In the repository, you will also find pyway-validate.yml and pyway-migrate.yml that are both variations of the above yaml file. As the names imply, pyway-validate.yml will validate the SQL in the resources directory of the repository. Think of it as a dry run.

---
    name: "PyWay Validate Workflow Demonstrator"
    # Controls when the action will run.
    on:
      # Allows you to run this workflow manually from the Actions tab
      workflow_dispatch:
    # Environment variables are used to pass secrets to the workflow
    env:
      database_type: postgres
      database_username: postgres
      database_password: ${{ secrets.DATABASE_PASSWORD }}
      database_host: 4.156.216.212
      database_port: 5432
      database_name: app
      database_table: public.pyway_history
    # A workflow run is made up of one or more jobs that can run sequentially or in parallel
    jobs:
        # This workflow contains a single job called "pyway_validate"
        pyway_validate:
            strategy:
                fail-fast: false
                matrix:
                    os: [ubuntu-latest]
            # The type of runner that the job will run on
            runs-on: arc-runner-set
            # Steps represent a sequence of tasks that will be executed as part of the job
            steps:
                # Checks-out your repository under $GITHUB_WORKSPACE, so your job can access it
                - name: Checkout repository
                  uses: actions/checkout@v4
                - name: Verify Matrix.OS
                  run: |
                    echo "Matrix.OS: ${{ matrix.os }}"
                # Set up Python 3.12
                # actions/setup-python doesn't yet support ARM. For ARM use deadsnakes/action@v3.1.0
                - if: ${{ matrix.os == 'ubuntu-latest' }}
                  name: Set up Python 3.12 ubuntu-latest
                  uses: actions/setup-python@v2
                  with:
                    python-version: "3.12"
                - name: Run PyWay Validate
                  run: |
                    echo "Running PyWay Validate Workflow Demonstrator"
                    echo "Repository: ${{ github.repository }}"
                    echo "GitHub Event Name: ${{ github.event_name }}"
                    echo "GitHub Event Path: ${{ github.event_path }}"
                    echo "GitHub Workspace: ${{ github.workspace }}"
                    python --version
                    echo "Upgrading pip"
                    python -m pip install --upgrade pip
                    echo "Installing PyWay"
                    pip install pyway
                    echo "Running PyWay Validate"
                    echo "Environment variable database_type: ${{ env.database_type }}"
                    echo "Environment variable database_username: ${{ env.database_username }}"
                    echo "Environment variable database_host: ${{ env.database_host }}"
                    echo "Environment variable database_port: ${{ env.database_port }}"
                    echo "Environment variable database_name: ${{ env.database_name }}"
                    pyway validate --database-type ${{ env.database_type }} --database-username ${{ env.database_username }} --database-password ${{ env.database_password }} --database-host ${{ env.database_host }} --database-port ${{ env.database_port }} --database-name ${{ env.database_name }} --database-table ${{ env.database_table }}
                    echo "PyWay Validate Workflow Demonstrator finished."
    

If you check the output for the validate workflow you will see the following output:

PyWay 0.3.21
Starting validation process

Validation completed.

The pyway-migrate.yml file differs in that the "on:" section includes information to trigger off on a push to either the main or release-* branches.

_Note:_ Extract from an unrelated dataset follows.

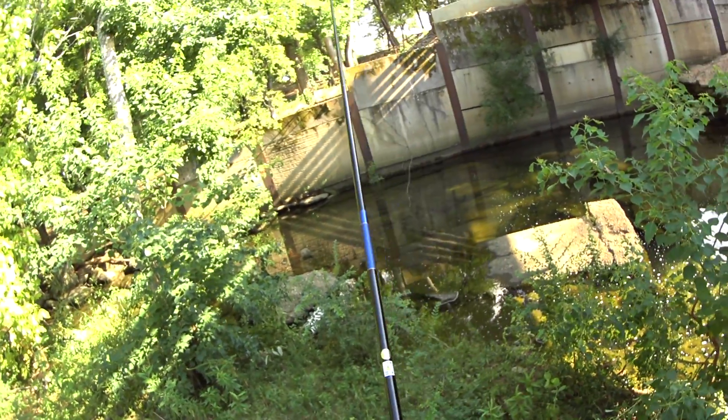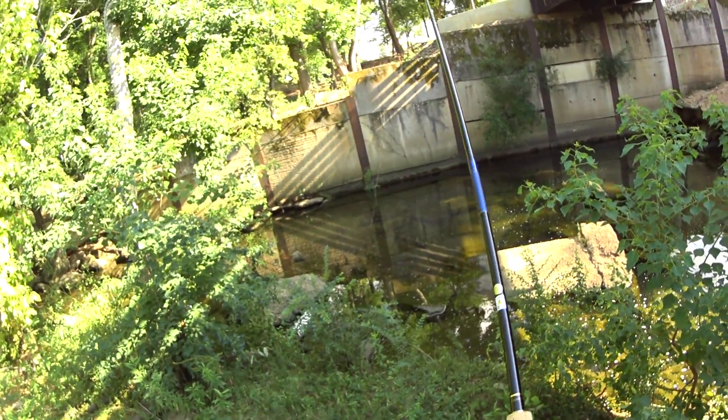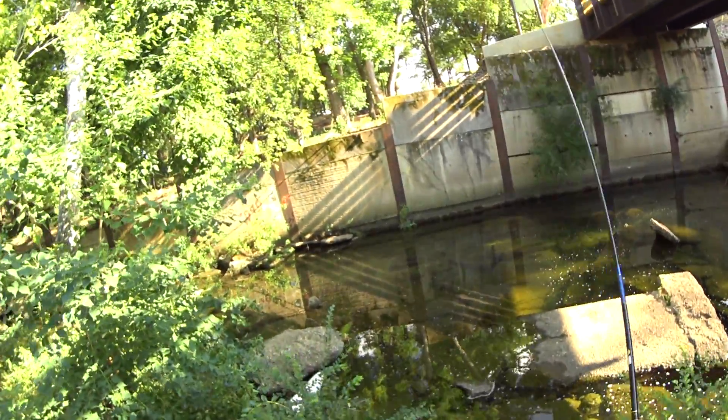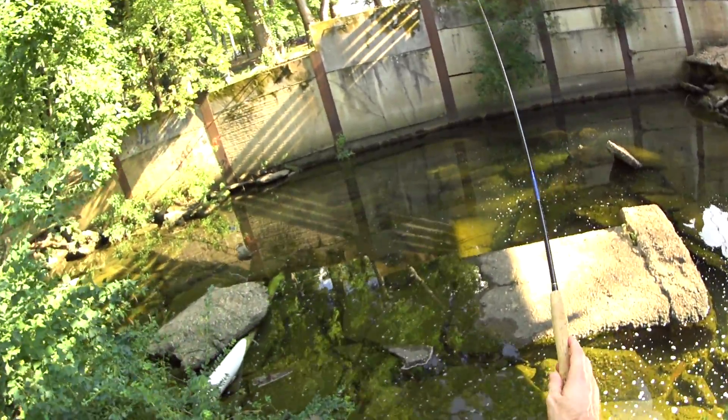I'm rigged up with 5X and one of my trusty little eBay poppers. These things work pretty well for bass — I've had decent success with them. Let me see if this soft rod will throw a popper.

This workflow will update your database.

---
    name: "PyWay Migrate Workflow Demonstrator"
    # Controls when the action will run. Triggers the workflow on push request
    on:
        push:
            branches:
                - main
                - release-*
            paths:
                - 'resources/**'
      # Allows you to run this workflow manually from the Actions tab
        workflow_dispatch:
    # Environment variables are used to pass secrets to the workflow
    env:
      database_type: postgres
      database_username: postgres
      database_password: ${{ secrets.DATABASE_PASSWORD }}
      database_host: 4.156.216.212
      database_port: 5432
      database_name: app
      database_table: public.pyway_history
    # A workflow run is made up of one or more jobs that can run sequentially or in parallel
    jobs:
        # This workflow contains a single job called "pyway_migrate"
        pyway_migrate:
            strategy:
                fail-fast: false
                matrix:
                    os: [ubuntu-latest]
            # The type of runner that the job will run on
            runs-on: arc-runner-set
            # Steps represent a sequence of tasks that will be executed as part of the job
            steps:
                # Checks-out your repository under $GITHUB_WORKSPACE, so your job can access it
                - name: Checkout repository
                  uses: actions/checkout@v4
                - name: Verify Matrix.OS
                  run: |
                    echo "Matrix.OS: ${{ matrix.os }}"
                # Set up Python 3.12
                # actions/setup-python doesn't yet support ARM. For ARM use deadsnakes/action@v3.1.0
                - if: ${{ matrix.os == 'ubuntu-latest' }}
                  name: Set up Python 3.12 ubuntu-latest
                  uses: actions/setup-python@v2
                  with:
                    python-version: "3.12"
                - name: Run PyWay Migrate
                  run: |
                    echo "Running PyWay Migrate Workflow Demonstrator"
                    echo "Repository: ${{ github.repository }}"
                    echo "GitHub Event Name: ${{ github.event_name }}"
                    echo "GitHub Event Path: ${{ github.event_path }}"
                    echo "GitHub Workspace: ${{ github.workspace }}"
                    python --version
                    echo "Upgrading pip"
                    python -m pip install --upgrade pip
                    echo "Installing PyWay"
                    pip install pyway
                    echo "Running PyWay Migrate"
                    echo "Environment variable database_type: ${{ env.database_type }}"
                    echo "Environment variable database_username: ${{ env.database_username }}"
                    echo "Environment variable database_host: ${{ env.database_host }}"
                    echo "Environment variable database_port: ${{ env.database_port }}"
                    echo "Environment variable database_name: ${{ env.database_name }}"
                    pyway migrate --database-type ${{ env.database_type }} --database-username ${{ env.database_username }} --database-password ${{ env.database_password }} --database-host ${{ env.database_host }} --database-port ${{ env.database_port }} --database-name ${{ env.database_name }} --database-table ${{ env.database_table }}
                    echo "PyWay Migrate Workflow Demonstrator finished."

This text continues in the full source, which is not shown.